Adapun model shalat Tarawih yang dilakukan oleh sebagian orang yang terlalu cepat adalah perbuatan menyelisihi yang tuntunan agama. Apabila shalat dengan cara semisal ini menyebabkan ada wajib-wajib atau rukun-rukun shalat yang ditinggalkan *Termasuk rukun shalat adalah thuma’ninah (tenang dalam pengerjaan shalat).*, hal itu membatalkan shalat.
Hal yang sering dilakukan oleh sebagian imam shalat adalah tidak pelan-pelan (ngebut) ketika mengerjakan shalat tarawih. Ini adalah sebuah kesalahan. Imam tidaklah shalat hanya untuk dirinya saja. Melainkan ia shalat untuk dirinya dan untuk makmum *Seharusnya imam shalat bersikap sebagaimana pengasuh anak yatim atau penguasa, yaitu hanya boleh membuat kebijakan yang memberi manfaat bagi yang dipimpin.*. Wajib atas imam melakukan yang terbaik untuk makmum yang dipimpinnya. Para ulama juga menyebutkan bahwa makruh hukumnya bagi imam mengerjakan shalat dengan cepat sehingga menghalangi para makmum untuk melakukan hal yang wajib (wajib shalat) *Bahkan makruh hukumnya imam mengerjakan shalat yang menyebabkan makmum tidak dapat melakukan amal-amal yang sunnah dalam shalat. Diantara adab seorang imam shalat pula adalah memberi kesempatan kepada makmum dalam shalat agar bisa melakukan sunnah-sunnah shalat, seperti membaca dzikir tasbih saat rukuk’ dan sujud sebanyak tiga kali. *.

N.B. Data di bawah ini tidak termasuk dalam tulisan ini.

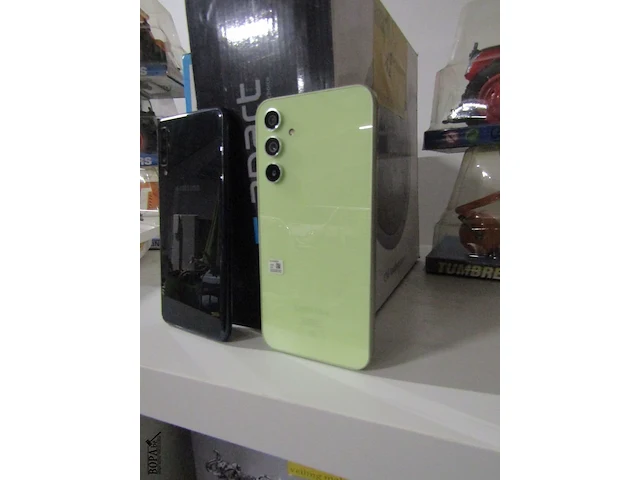 Lot 15 - smartphones - 2 stuks - afbeelding 5 van  7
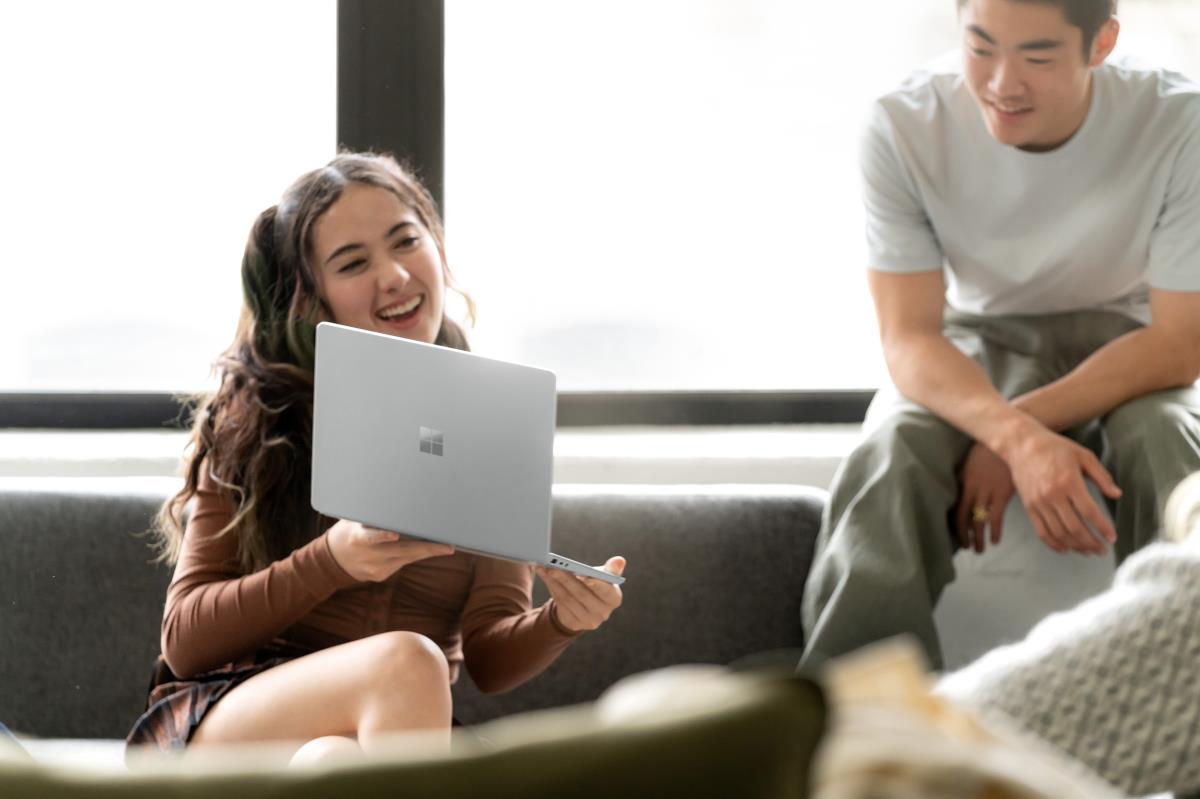 Surface Laptop Go 2 - 12.4in Touchscreen - i5 1135g7 - 16GB Ram - 256GB SSD - Win11 Pro - Platinum - Azerty Belgian - Iris Xe Graphics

Hendaknya kaum muslimin antusias menegakkan shalat Tarawih ini dan tidak menyianyiakannya dengan pergi dari satu masjid ke masjid lain *Penulis (Syaikh ‘Utsaimin Rahimahullah) mengomentari fenomena di Arab Saudi. Ada orang yang dalam shalat Tarawih berpindah ke beberapa masjid.*. Karena barangsiapa yang shalat Tarawih bersama imam sampai selesai akan dicatat baginya pahala seperti pahala shalat semalam penuh, meski setelah itu ia tidur nyenyak di atas tempat tidurnya (tidak shalat malam lagi) *Cukup ke masjid terdekat untuk shalat Tarawih dan mengerjakan shalat bersama imam sampai selesai akan dicatat baginya pahala seperti shalat semalam penuh. *.
Dan tidak mengapa bagi perempuan mengikuti shalat Tarawih di masjid jika aman dari fitnah *Fitnah dalam hal ini mencakup dua hal, yaitu terfitnahnya laki-laki kepadanya, dan fitnah (gangguan) laki-laki kepadanya.*, dengan syarat perempuan tersebut keluar dari rumah dalam keadaan menampakkan rasa malu, tanpa berdandan dengan berbagai macam hiasan dan tidak pula memakai parfum/minyak wangi.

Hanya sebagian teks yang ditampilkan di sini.